Now for every node j which was declared eventually safe, we'll process them in a queue. We'll look at all parents i = rgraph[j] and remove the edge (i, j) from the graph (from graph). If this causes the graph to have no outgoing edges graph[i], then we'll declare it eventually safe and add it to our queue.

这个算法还是很聪明的: 当你从一个safe的j地方出发, 向上找到了i, 那么只要你要检查的是当我把ij这条path给remove掉之后, i剩下的edge是不是没有了; 当然了, 因为实际上有好多个sink, 以及safe的node, 所以最后这个要是一个循环操作: 当j把i的ij给remove之后, 如果i还有其他的out edge, 不代表i就有问题: 必须所有的j都处理完了之后, 如果还剩了i->?, 那么就是有问题了;

其实这个做法本质上有点像UF? 因为这题是多个sink, 所以最后估计让你写UF, 也是这样写;

所以这题的reversed adjacency list想到去做, 是一个很重要的思路;

Also, we'll keep track of everything we ever added to the queue, so we can read off the answer in sorted order later.

这个算法整体设计还算是比较复杂的了;

class Solution {  
    public List<Integer> eventualSafeNodes(int[][] G) {  
        int N = G.length;  
        boolean[] safe = new boolean[N];  

        List<Set<Integer>> graph = new ArrayList();  
        List<Set<Integer>> rgraph = new ArrayList();  
        for (int i = 0; i < N; ++i) {  
            graph.add(new HashSet());  
            rgraph.add(new HashSet());  
        }  

        Queue<Integer> queue = new LinkedList();  

        for (int i = 0; i < N; ++i) {  
            if (G[i].length == 0)  
                queue.offer(i);  
            for (int j: G[i]) {  
                graph.get(i).add(j);  
                rgraph.get(j).add(i);  
            }  
        }  

        while (!queue.isEmpty()) {  
            int j = queue.poll();  
            safe[j] = true;  
            for (int i: rgraph.get(j)) {  
                graph.get(i).remove(j);  
                if (graph.get(i).isEmpty())  
                    queue.offer(i);  
            }  
        }  

        List<Integer> ans = new ArrayList();  
        for (int i = 0; i < N; ++i) if (safe[i])  
            ans.add(i);  

        return ans;  
    }  
}

其实也不复杂;

hash for O(1) remove

算法本身设计的还是很完整优雅的, 尤其是你看出来没有, 他graph和rgraph里面为什么要用HashSet? 因为他后面有一个remove的操作, 这个在hash结构里面才能做到一个O(1)的复杂度, 这个也都是很多值得学习的小技巧;

如果不理解这个算法的正确性, 可以看下面这个图: 红圈代表被enqueue了, 然后红色数字代表被enqueue的次序(展示一个queue算法的trace画法):

可以看到4这个点比3后enqueue, 就是因为4有两个sink;

2018-05-01 19:25:13 这个算法如果自己写, 容易踩坑的一个地方在于, 比如我处理1, 然后处理2, 然后2处理完了之后, 我一看, 诶3是安全的, 然后这个时候我可能想着立刻很eager的把3的parent link也全都删了, 但是这样最后写出来的算法我感觉应该就没有他这里这个漂亮了;
当然, 也不是说这样做就一定不对; 但是如果在写之前对整个算法的思路清晰一点, 应该还是最好能避免这个eager process到底的思路比较好;

Approach #2: Depth-First Search [Accepted]

Intuition

As in Approach #1, the crux of the problem is whether you reach a cycle or not.

Let us perform a "brute force": a cycle-finding DFS algorithm on each node individually.
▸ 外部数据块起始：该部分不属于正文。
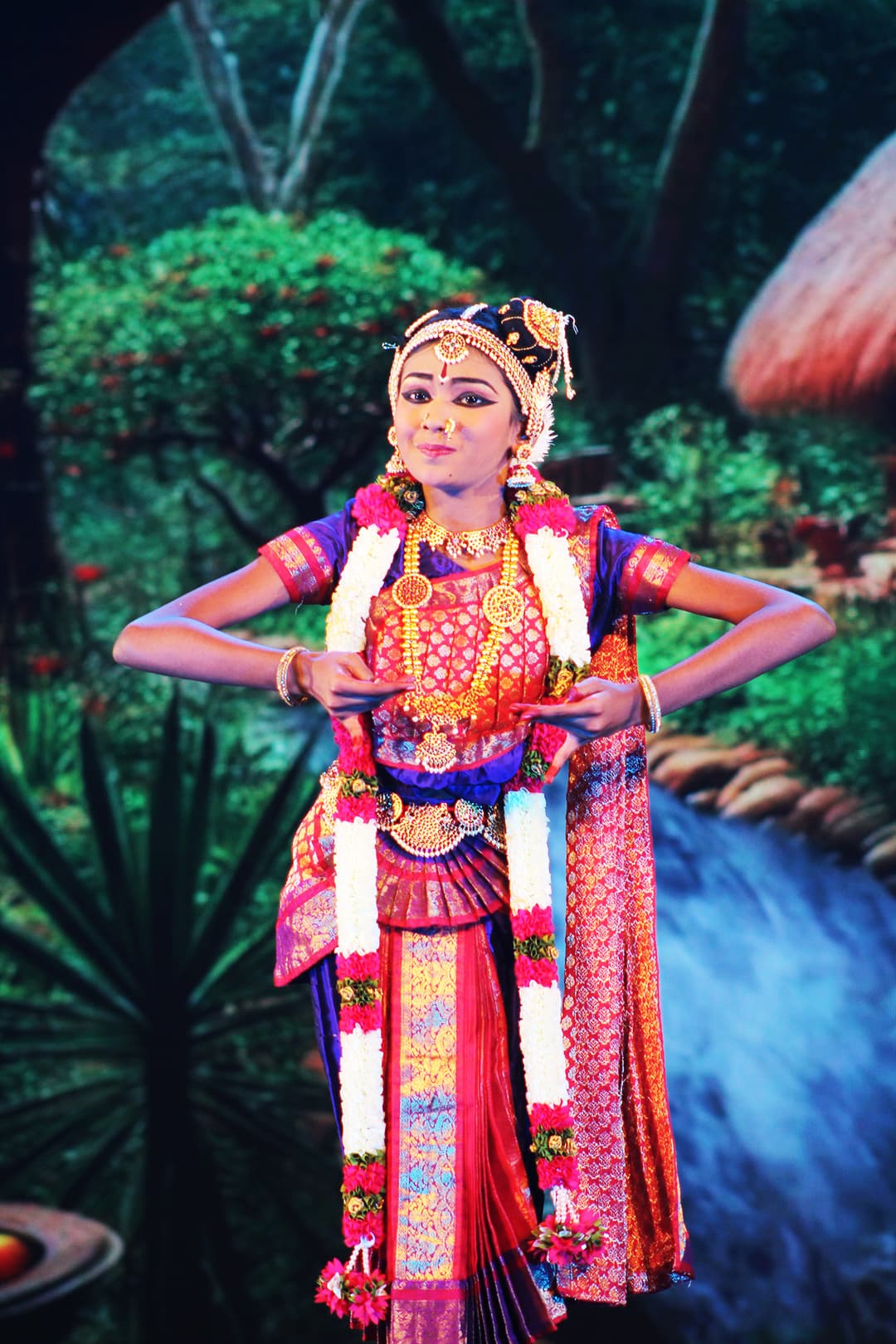 Harshikashree — Costumes
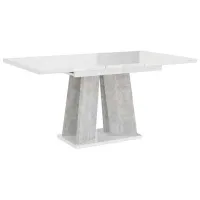 Кухонный стол раскладной Prospero Mufo ДСП/ Белый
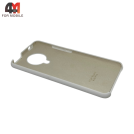 Чехол для Xiaomi Poco F2 Pro/K30 Pro Silicone Case, белого цвета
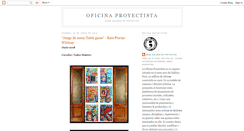 Desktop Screenshot of oficinaproyectista.blogspot.com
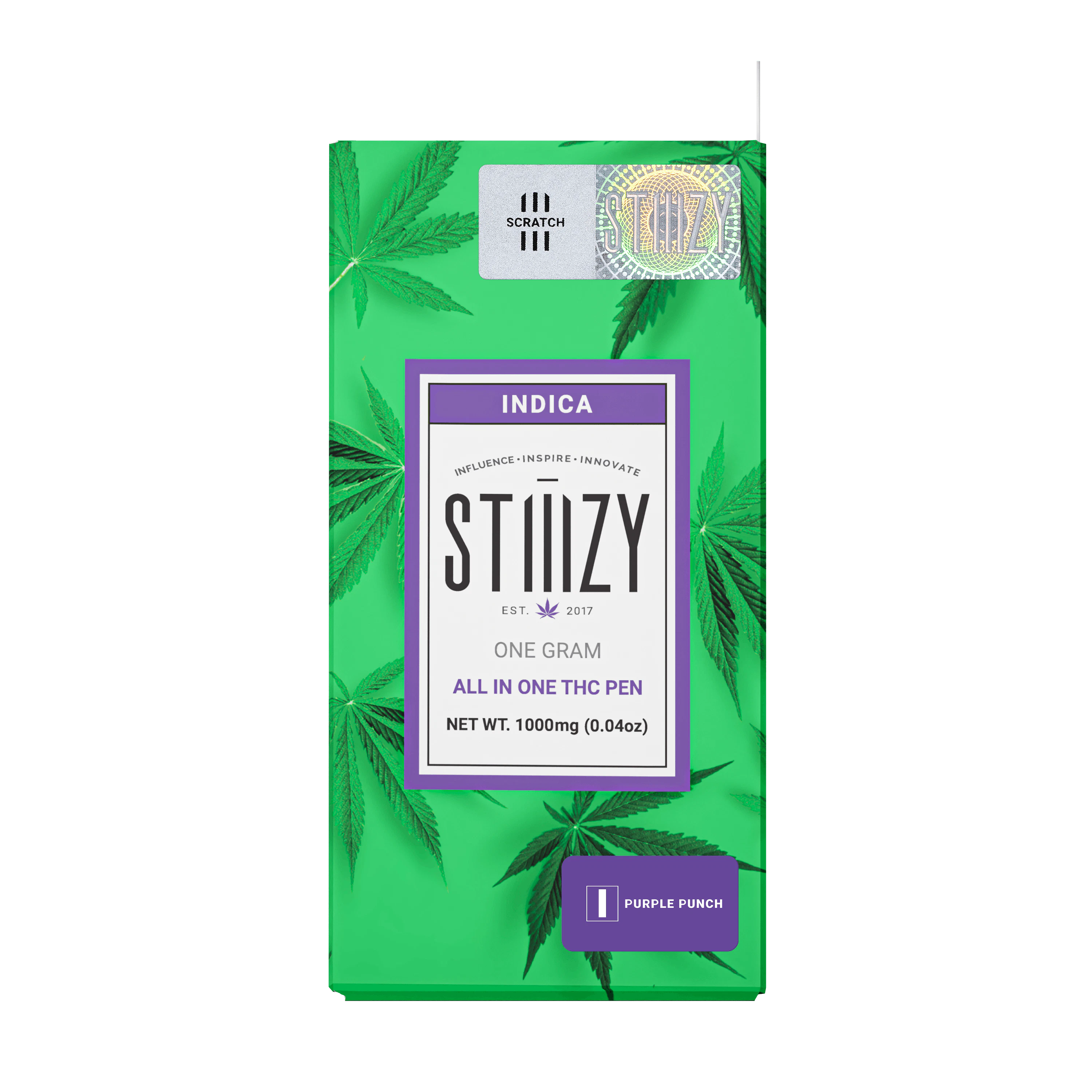 STIIIZY - STIIIZY - Disposable - Purple Punch - 1g Main Image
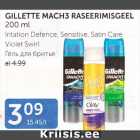 GILLETTE MACH3 RASEERIMISGEEL 200  ml
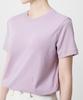 MUSINSA STANDARD WOMAN Women'S Basic Crew Neck T-Shirt [Lilac]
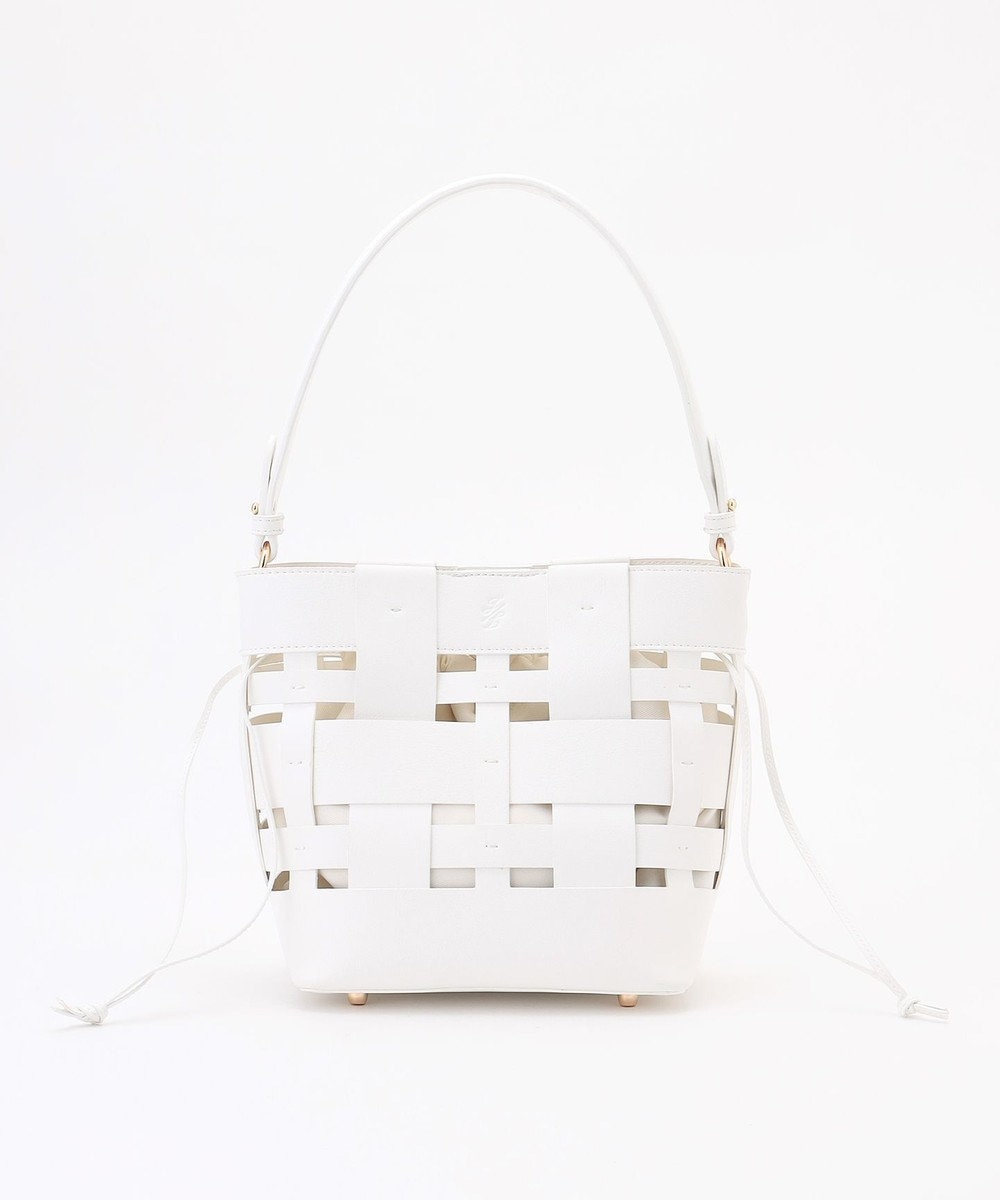 自由区 ランダムメッシュミニ バッグ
This is a classic "white-gray-black" DFS algorithm that would be part of any textbook on DFS. We mark a node gray on entry, and black on exit. If we see a gray node during our DFS, it must be part of a cycle. In a naive view, we'll clear the colors between each search.

Algorithm

We can improve this approach, by noticing that we don't need to clear the colors between each search.

When we visit a node, the only possibilities are that we've marked the entire subtree black (which must be eventually safe), or it has a cycle and we have only marked the members of that cycle gray. So indeed, the invariant that gray nodes are always part of a cycle, and black nodes are always eventually safe is maintained.

In order to exit our search quickly when we find a cycle (and not paint other nodes erroneously), we'll say the result of visiting a node is true if it is eventually safe, otherwise false. This allows information that we've reached a cycle to propagate up the call stack so that we can terminate our search early.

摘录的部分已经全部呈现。